Let’s say we want to add three more individuals to the population with 2 as their parent:

import random

for i in range(3):
    # Make new org with random variation from parent
    new_org = population[0] + random.randint(5)
    # Add new_org to the population
    population.append(new_org)
    position = len(population) - 1
    # Notify systematics manager about new_org
    # 2nd arg is org's position, 3rd is parent's position
    syst.add_org_by_position(new_org, position, 0)

Note that we didn’t need to tell the systematics manager what the parent’s Taxon object was. Instead, we just told it where in the population the parent is and the systematics manager looked up its Taxon for us.

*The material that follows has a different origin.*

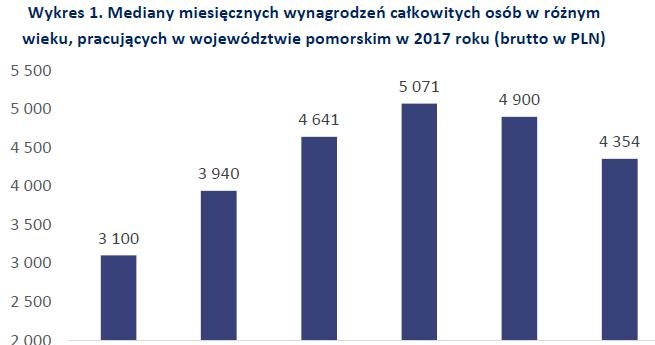 . /wynagrodzenia.pl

We can also notify the systematics manager that an organism has died using its position:

# Imagine the organism at position 1 dies
# Let's say we're using -1 to indicate "no organism"
population[1] = -1

# We could then notify the systematics manager like this:
syst.remove_org_by_position(1)

Importantly, if we’re tracking by position, we also need to notify the systematics manager if an organism moves:

# Let's say we want to fill in the gap at position 1 by moving the 
# organism at position 3
population[1] = population[3]
population.pop()

# We can notify the systematics manager with swap_positions
# Note that we can use swap_positions to move a single organism
# because we're swapping the organism with an empty spot
syst.swap_positions(1, 3)

Handling multiple populations

In evolutionary computation, it is common to maintain two populations: the current generation and the next generation. In other contexts, you might have reason to maintain even more populations. Phylotrackpy supports these use cases.

So far, we’ve just been passing integers in to represent positions. Under the hood, though, they are getting converted to Worldposition objects. WorldPositions have two components: the index within the population, and the id of the population. When we only specify one number, it is assumed to be the index and the id is assumed to be 0. If we specify two numbers, however, the first will be the index and the second will be the id.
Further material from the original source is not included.